Hi, I've tried setting up gentoo to authenticate to my existing ldap server, and I am not having any luck.  When I try to bind using sasl, I get the error "ldap not compiled with sasl support."  Since all my user passwords are stored in a krb5 database, ldap needs to be compiled with sasl in order to bind to the krb5 server.  Am I wrong about this?  I have been using pretty much the same setup for three years now, running on redhat boxes.

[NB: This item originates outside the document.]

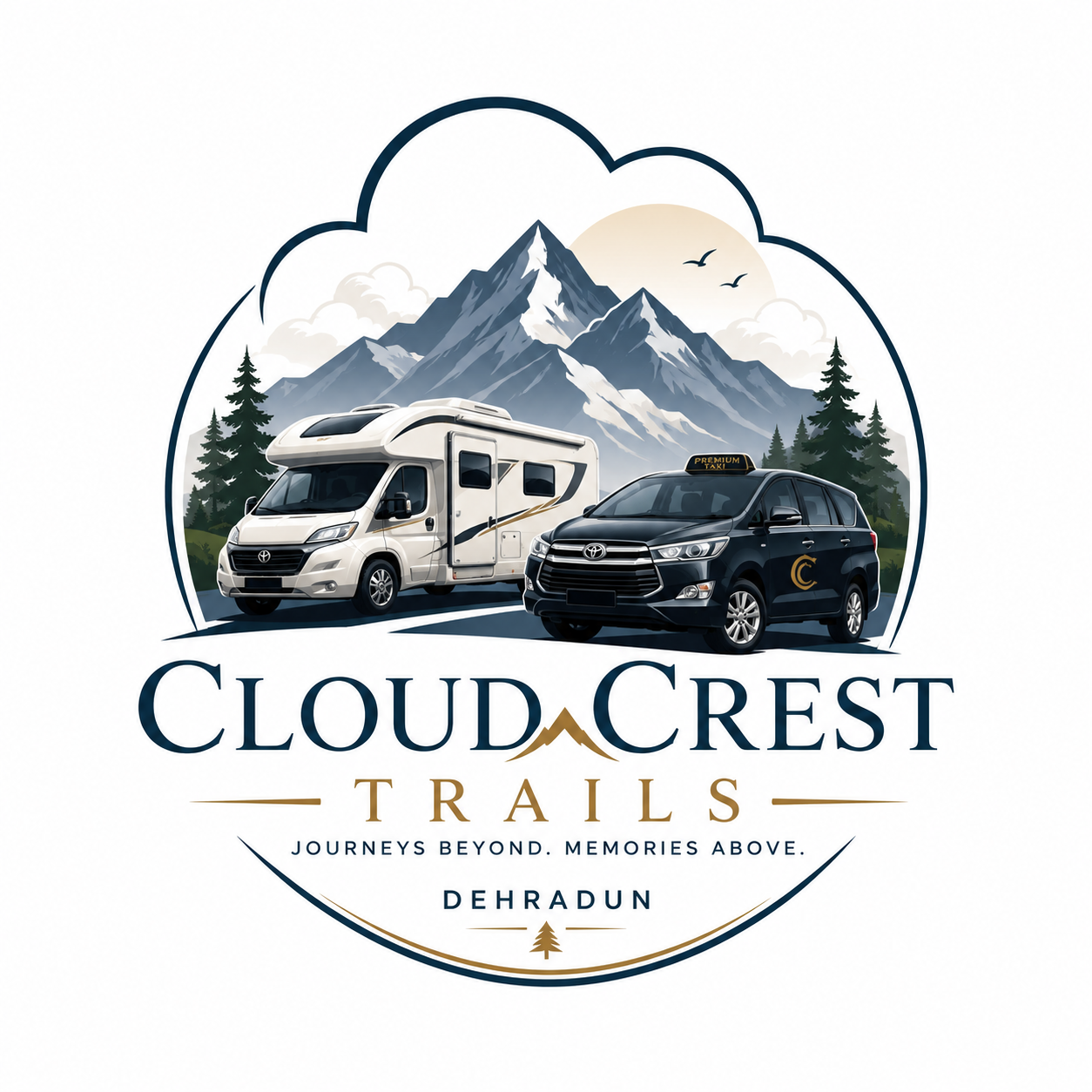 cloudcresttrails.com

Also, I can't log in remotely via ssh (as anyone but root) or ftp (at all).  I adjusted the pam settings (system-auth) as recommended in the ldap authentication guide, no luck.  I adjusted the pam settings again to match my redhat boxes, now I can't log in even as root locally.  So I know it is doing something, just not what I want.

I compiled ldap with kerberos support; when using simple bind, ssl. or tls, gssapi came back as an SASL mechanism.  I can run ldapadd and kadmin, so it is connecting, just no luck with the user authentication.  My make.conf has ldap,kerberos,sasl,ssl, and pam in the use statement.

Since I can't log in, I can't retrieve any log entries, but they were fairly generic "user not found" errors.  I am reloading the machine.  My main goal is to replace my redhat cyrus-imap/postfix server.  I store all passwords (redirected to krb5), aliases, horde stuff, etc in ldap.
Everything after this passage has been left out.